▶ _TASK_: Nothing should appear in the answer except the lines below from the line containing "Dámská halenka s" through the line containing "Beige Grey 4x6", copied exactly, with pictures left out.

▶ _AVAILABLE DATA_:
§

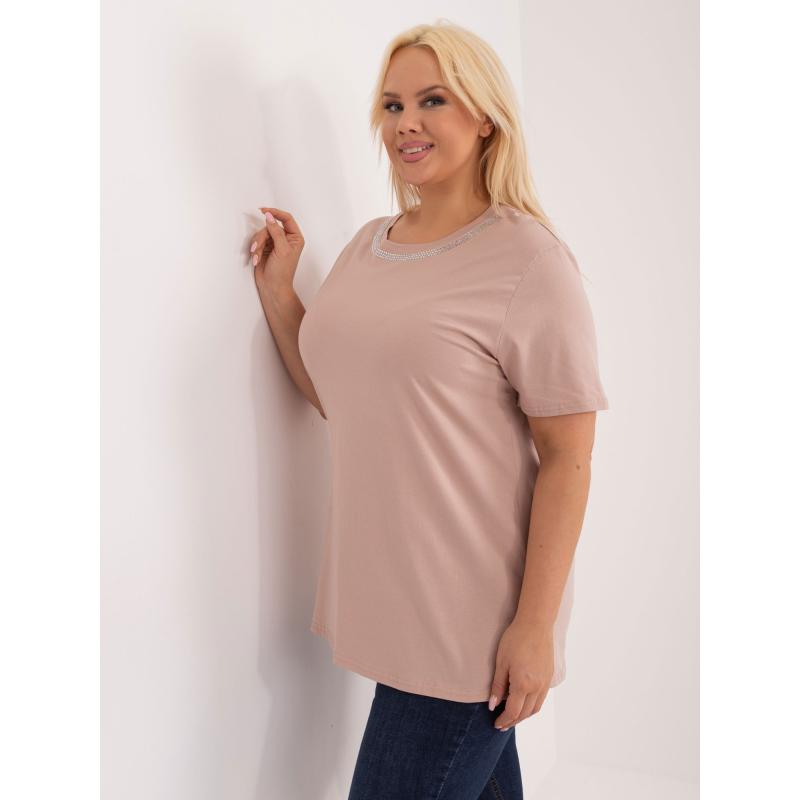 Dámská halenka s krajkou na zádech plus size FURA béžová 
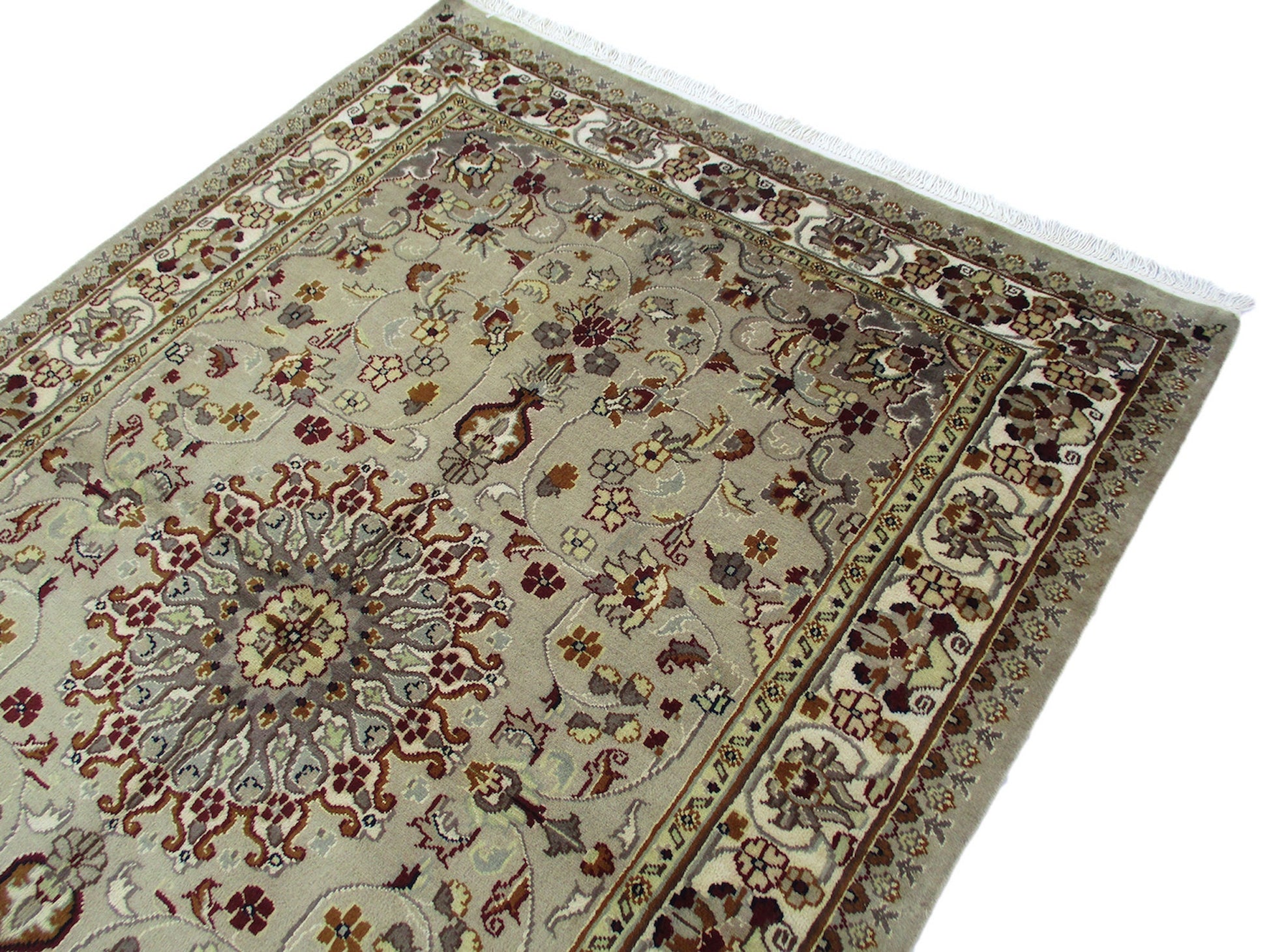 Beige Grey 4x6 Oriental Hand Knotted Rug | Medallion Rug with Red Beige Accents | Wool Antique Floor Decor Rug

§

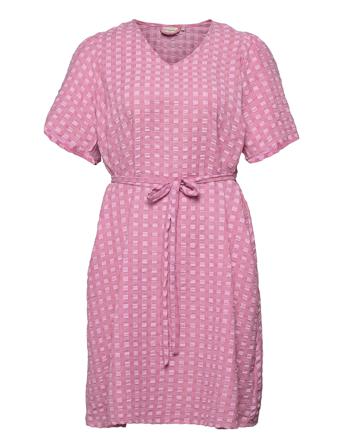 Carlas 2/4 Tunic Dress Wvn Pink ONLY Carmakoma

§

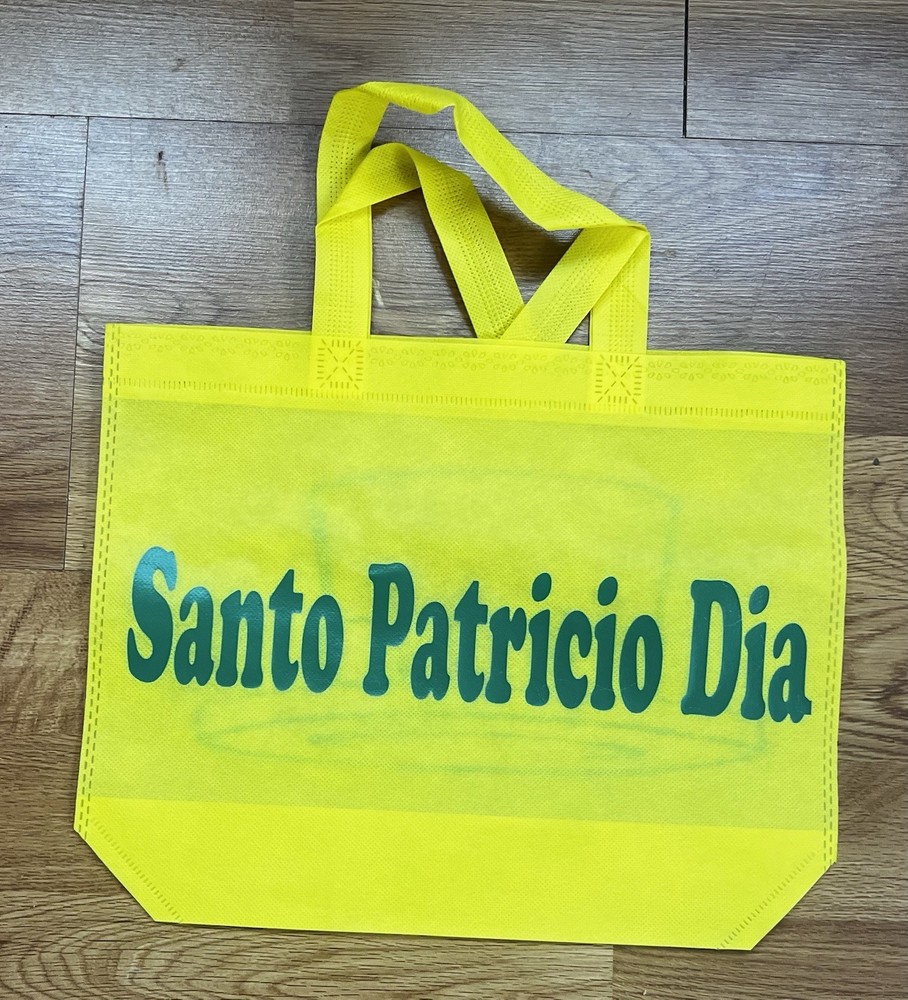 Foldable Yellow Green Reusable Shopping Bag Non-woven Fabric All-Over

§

▶ _ANSWER TO THIS EXERCISE_:
 Dámská halenka s krajkou na zádech plus size FURA béžová 
 Beige Grey 4x6 Oriental Hand Knotted Rug | Medallion Rug with Red Beige Accents | Wool Antique Floor Decor Rug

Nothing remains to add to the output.